→ YOUR GOAL
From the line with "SET DE MANTA" to the last line of the data below, repeat every line exactly and add nothing.

Entries taken from a collection
──────────────────────────────

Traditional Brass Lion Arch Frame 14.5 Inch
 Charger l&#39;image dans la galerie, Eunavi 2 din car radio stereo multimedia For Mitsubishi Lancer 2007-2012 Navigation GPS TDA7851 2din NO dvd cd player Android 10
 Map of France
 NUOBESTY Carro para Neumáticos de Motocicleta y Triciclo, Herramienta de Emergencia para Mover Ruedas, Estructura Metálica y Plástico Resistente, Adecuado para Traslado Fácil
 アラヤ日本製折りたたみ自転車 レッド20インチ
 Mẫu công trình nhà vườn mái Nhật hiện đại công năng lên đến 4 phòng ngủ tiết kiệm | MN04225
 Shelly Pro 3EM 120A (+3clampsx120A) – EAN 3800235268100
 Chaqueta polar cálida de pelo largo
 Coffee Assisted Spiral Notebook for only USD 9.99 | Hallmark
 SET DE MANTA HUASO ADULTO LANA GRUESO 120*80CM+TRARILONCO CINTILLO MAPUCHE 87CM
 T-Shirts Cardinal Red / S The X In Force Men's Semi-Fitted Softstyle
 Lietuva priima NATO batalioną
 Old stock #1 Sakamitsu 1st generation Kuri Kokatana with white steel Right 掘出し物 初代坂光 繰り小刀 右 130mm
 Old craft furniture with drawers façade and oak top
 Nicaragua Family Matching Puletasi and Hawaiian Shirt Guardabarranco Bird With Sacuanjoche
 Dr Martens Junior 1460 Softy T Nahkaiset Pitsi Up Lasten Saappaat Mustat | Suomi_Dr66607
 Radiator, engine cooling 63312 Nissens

──────────────────────────────

→ ANSWER BELOW
 SET DE MANTA HUASO ADULTO LANA GRUESO 120*80CM+TRARILONCO CINTILLO MAPUCHE 87CM
 T-Shirts Cardinal Red / S The X In Force Men's Semi-Fitted Softstyle
 Lietuva priima NATO batalioną
 Old stock #1 Sakamitsu 1st generation Kuri Kokatana with white steel Right 掘出し物 初代坂光 繰り小刀 右 130mm
 Old craft furniture with drawers façade and oak top
 Nicaragua Family Matching Puletasi and Hawaiian Shirt Guardabarranco Bird With Sacuanjoche
 Dr Martens Junior 1460 Softy T Nahkaiset Pitsi Up Lasten Saappaat Mustat | Suomi_Dr66607
 Radiator, engine cooling 63312 Nissens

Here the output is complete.